Es war nicht der einzige Argumentationspunkt Barths, aber ein wirkungsvoller. Die Polizei dementierte ebenso wie Dombois. Am Sonntag kam es trotzdem zum Foto-Finish. Die CDU-Kandidatin gewann mit ganzen 98 Stimmen Vorsprung. Sollte es der AfD Sachsen gelingen, die Landtagswahl anzufechten, würde sie in diesem Wahlkreis bei einer Neuwahl mit aller Kraft das Blatt endgültig zu wenden versuchen.

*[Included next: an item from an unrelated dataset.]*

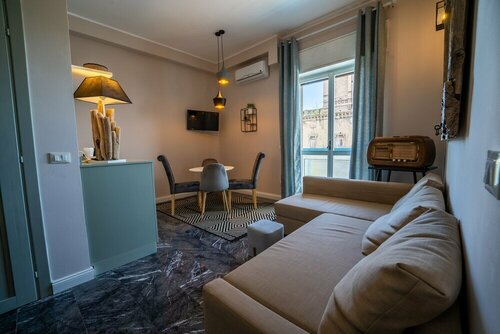 Гостиница Urban Rooms в Таранто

Das könnte für die AfD ein harter Ritt werden. Zunächst wird nun Björn Höcke anstreben, in Thüringen das eigentliche Wahlziel der AfD zu erreichen, nämlich stärkste Fraktion zu werden. Ob ihm das gelingt, ist nicht nur wegen seiner Radikalität zweifelhaft. Die Außenpolitik kann ebenfalls eine Rolle spielen. Das Unsicherheitsempfinden mancher Wähler wird von der Weltlage mit dominiert. Den Aufholjagden von CDU und SPD in Sachsen und Brandenburg ging nicht nur der unermüdliche Einsatz der Ministerpräsidenten voraus, sondern auch das Scheitern Sebastian Kurz‘ und Matteo Salvinis. Die Landtagswahl in Thüringen fällt zusammen mit den letzten Stunden des Ringens um den Brexit. Das ist mit Blick auf Führungssicherheit, Stabilität und Verlässlichkeit nicht zu unterschätzen. So unklar das Verhältnis zwischen Angela Merkel und Annegret Kramp-Karrenbauer sein mag, bei einem solchen Thema ist die CDU die Führungskraft.

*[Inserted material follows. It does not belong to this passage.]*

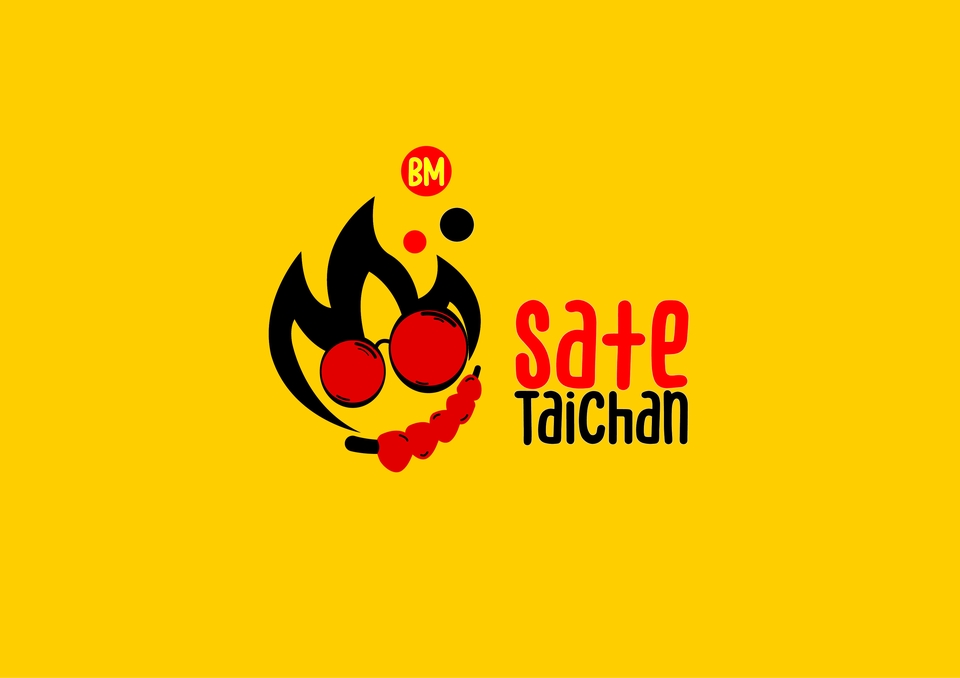 Logo - Desain Logo Simple Modern - 12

Eine Neuwahl in Sachsen wiederum würde kaum vor dem Frühjahr stattfinden – und dann besitzt die SPD wieder eine Führung. Es wird entscheidend darauf ankommen, ob die Delegierten des SPD-Parteitags Anfang Dezember die Nerven verlieren oder ihre Nervosität über die Groko in den Griff bekommen. Steigen sie aus der Koalition aus, ist ihr Regierungsruf so ramponiert wie derjenige der FDP. Die Ergebnisse sind zu besichtigen. Die Hamburger Bürgerschaftswahl im Februar stünde unter keinem guten Stern, und die Kommunalwahlen in NRW würden CDU und Grüne unter sich ausmachen, mit der AfD als Gegenspielerin.
Behält die SPD die Nerven – dann, aber wirklich nur dann, könnte 2020 das Jahr werden, in dem die Regierung handelt und die AfD ihr dabei zuschauen muss. Steigt die SPD aus der Regierung aus, bieten Sachsen und Brandenburg ein anschauliches Beispiel dafür, wie der vorzeitig gewählte nächste Bundestag aussehen könnte.